Bad Aibling – Das sprichwörtliche Scharren mit den Hufen ist förmlich zu hören, wenn es darum geht, wann im neuen Baugebiet „Ellmosener Wies“ endlich angepackt werden kann. Das dafür erforderliche Bebauungsplanverfahren befindet sich mittlerweile auf der Zielgeraden. Doch eine wichtige Problematik gilt es noch zu lösen, nämlich: „Wie wird das Thema Entwässerung auf dem Areal so gelöst, dass sich die Situation für die bestehende Bebauung im Westen nicht verschlechtert?“

Die gute Nachricht: Umstrittener Erdwall entfällt

Mehrfach schon waren die Planungen ausgelegen, damit die Träger der öffentlichen Belange und Bürger ihre Stellungnahmen dazu abgeben konnten.

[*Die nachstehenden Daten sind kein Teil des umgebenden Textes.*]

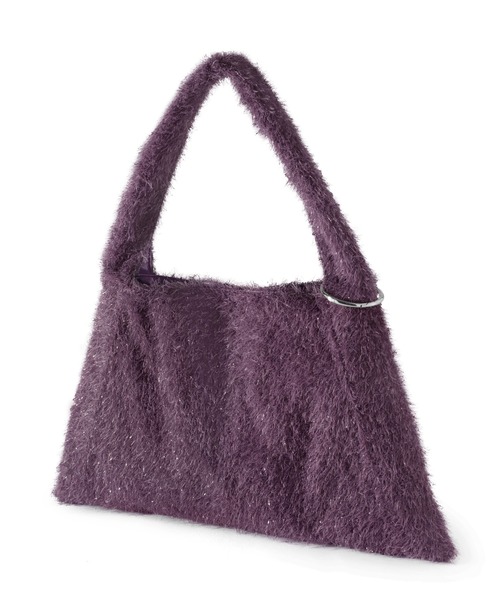 ANEMONE（アネモネ）の「シャギーラメ×レザー調リバーシブルバッグ（ハンドバッグ・レディース・グレー/ブラウン/パープル・FREE）」の5枚目の写真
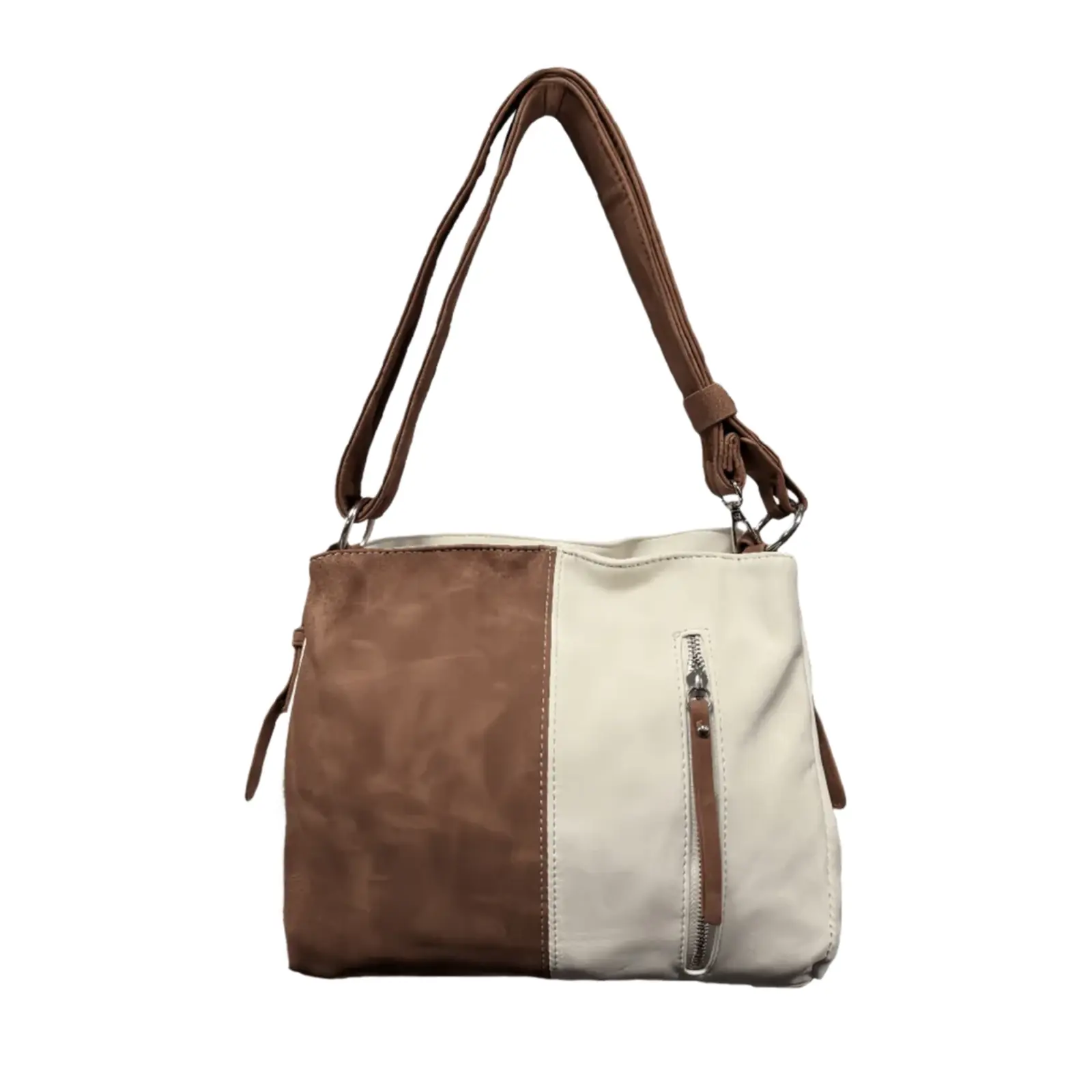 Dual-Tone Zipped Shoulder/Crossbody Bag - Image 4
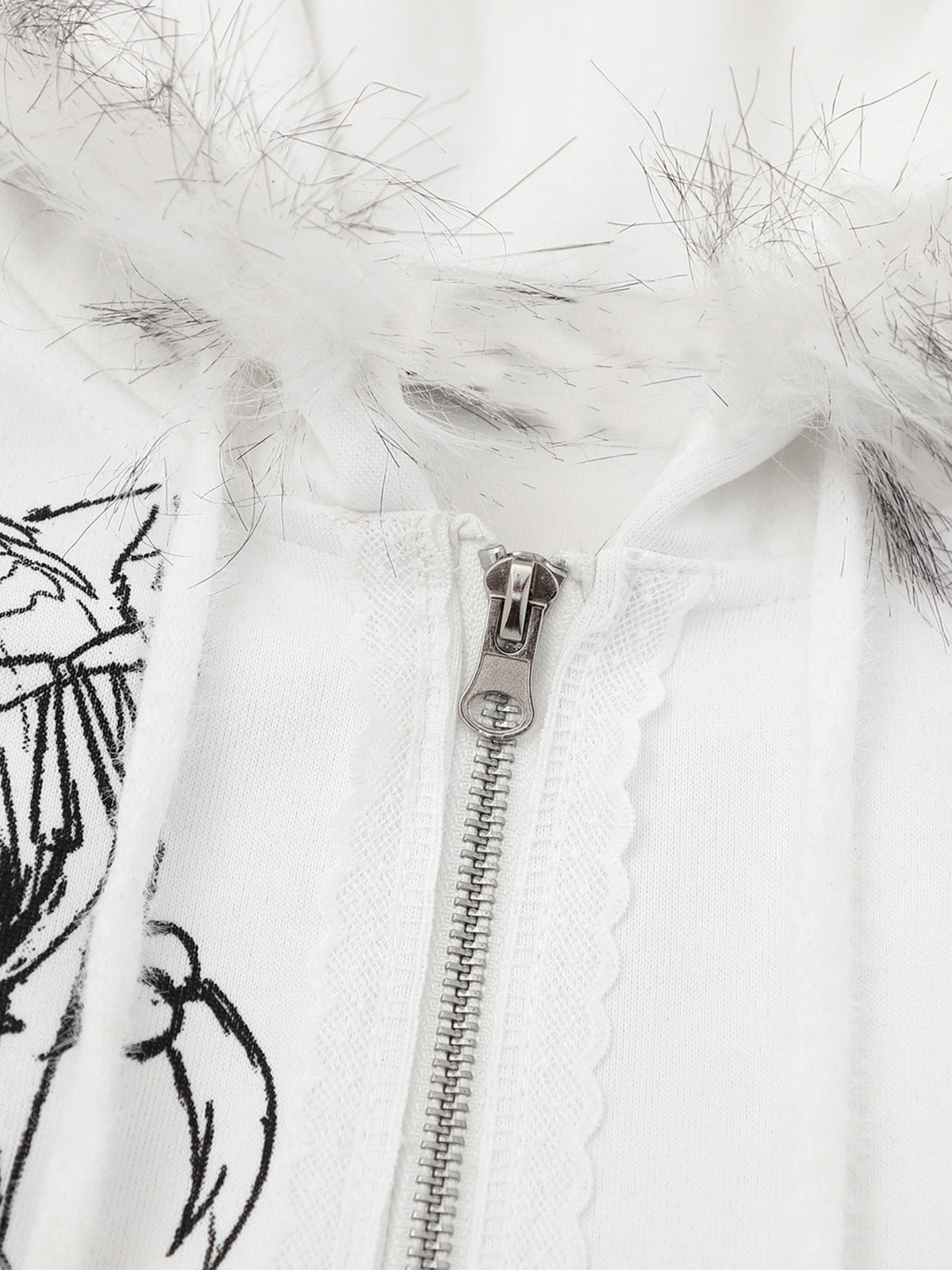 Retro Plush Collar Cartoon Anime Zip-Up Hoodie 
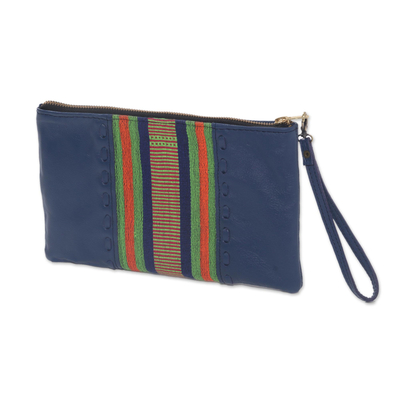 Leather and cotton wristlet, 'Casual Ikat in Blue' - Handmade Blue Leather and Cotton Wristlet Handbag from Java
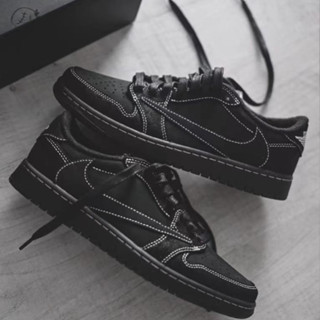 Travis Scott x Air Jordan 1 Low OG "Black/Phantom" รองเท้าบาสเก็ตบอล สีดํา DM7866-001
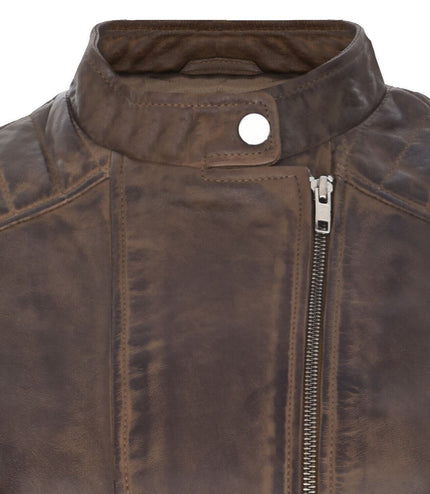 Womens Leather Biker Jacket-Celaya - Brown
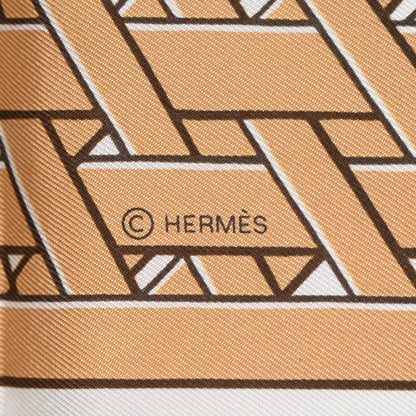Hermes Silk Masan & Masan Scarf 90 White Beige Gris 3 of 5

Sorgen habe, so Verwaltung und Planer Denis Weisser vor allem der im Norden geplante Erdwall bereitet: Hier war befürchtet worden, dass durch diesen bei Starkregenereignissen das Wasser in Richtung Westen auf die Bestandsbebauung zulaufen könnte. Wie die Verwaltung mitteilte, komme dieser in den Plänen aber nun nicht mehr vor.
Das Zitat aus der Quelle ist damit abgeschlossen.